“One of my interests in shows especially with Nicola is how the Caribbean and my time spent there has influenced how I understand myself, but also how those from the islands have impacted the global imagination. Island Life gets its name from the amazingly wonderful Grace Jones and her album Island Life. I’ve returned to the hibiscus flower as a way to depict notions of intimacy and migration having left Grenada to join my mother in Brooklyn when I was 8 years old. The hibiscus flower’s stamens are depicted stretching towards edges of the canvas. The flowers are painted with oil acrylic enamel paints and sit on flat spray-painted solid colors referencing sign paintings common on beaches of the Caribbean as well as artists such as Ed Ruscha, Andy Warhol and Basquiat. In my ‘We be Jammin series’ paintings on the steel drum the musical instrument of Trinidad and Carnival culture are drawn from ‘We be Jammin’ t-shirts often sold to tourists visiting the Caribbean and places like New Orleans and were regularly purchased by my parents as souvenirs on their yearly honeymoon trips to various islands.” Alvaro Barrington
About Alvaro Barrington
Alvaro Barrington (b. 1983 Caracas, Venezuela) is an artist based in London and New York. Born in Venezuela to Grenadian and Haitian parents, Alvaro Barrington was raised between the Caribbean and Brooklyn, New York. An unwavering commitment to community informs his wide-ranging practice. While Barrington considers himself primarily a painter, his artistic collaborations encompass exhibitions, performances, concerts, fashion and contributions to the Notting Hill Carnival in London. His approach to painting is similarly inclusive – embracing non-traditional materials and techniques such as burlap, concrete, cardboard and sewing – and infused with references to his personal and cultural history.

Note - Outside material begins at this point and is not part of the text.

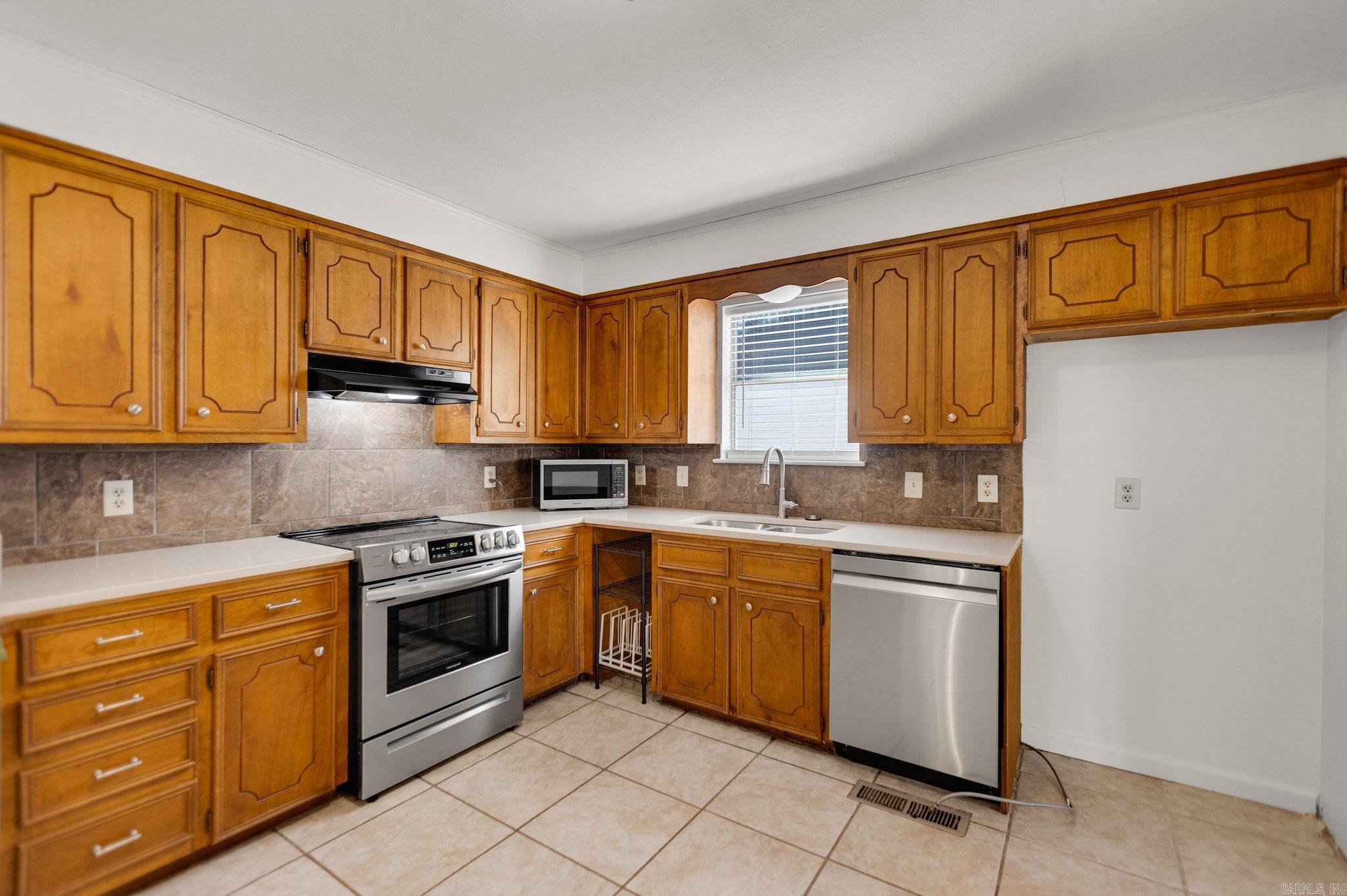 14210  Parkside  Little Rock, AR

Influence and exchange are crucial to Barrington, who draws upon a host of artistic and cultural references in his work. His personal touchstones include rapper Tupac Shakur and 90s hip-hop culture, jazz and the Harlem Renaissance in the 1920s, Jamaican political activist Marcus Garvey, modernist icons such as Willem de Kooning, Paul Klee, Agnes Martin and Louise Bourgeois, and his art-world peers. His resolutely interdisciplinary approach follows in the footsteps of Robert Rauschenberg’s groundbreaking Combines, which he references by incorporating real objects into the picture plane, including carpets, steel drums, brooms and fans. He is an artist who is continually expanding his constellation of references, inspirations and communities, while always acknowledging the formative role of art history in his practice.

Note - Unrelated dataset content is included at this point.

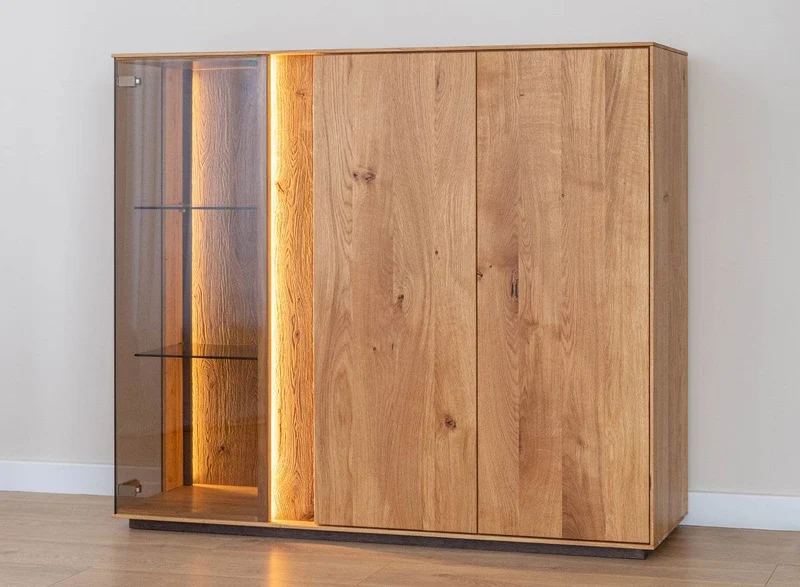 Beleuchtetes Sideboard Collodi aus massiver Wildeiche mit Rückwand in grober Holzstruktur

Barrington’s work is part of institutional collections, including The Hepworth Wakefield, Wakefield; ICA, Miami; K11 Art Foundation, Hong Kong; Loewe Foundation, Madrid; Fundación NMAC, Cádiz; Rennie Museum, Vancouver; Start Museum, Shanghai; X Museum, Beijing and Tate, London. Recent solo exhibitions and projects include: They Got Time, Galerie Thaddeus Ropac Pantin, Paris (2023); Grandma’s Land, Sadie Coles HQ, London (2023); Notting Hill Carnival, London (2023, 2022, 2019); 91-98 jfk-lax border, Blum & Poe, Los Angeles (2022); SPIDER THE PIG, PIG THE SPIDER, South London Gallery, London (2021); GARVEY 1: BIRTH – The Quiet Storm, Nicola Vassell Gallery, New York (2021); Galerie Thaddaeus Ropac, Paris (2021); Corvi-Mora, London (2020); Sadie Coles HQ, London (2021, 2019); Emalin, London (2021, 2019, 2018) and MoMA PS1, Queens, NY, USA (2017).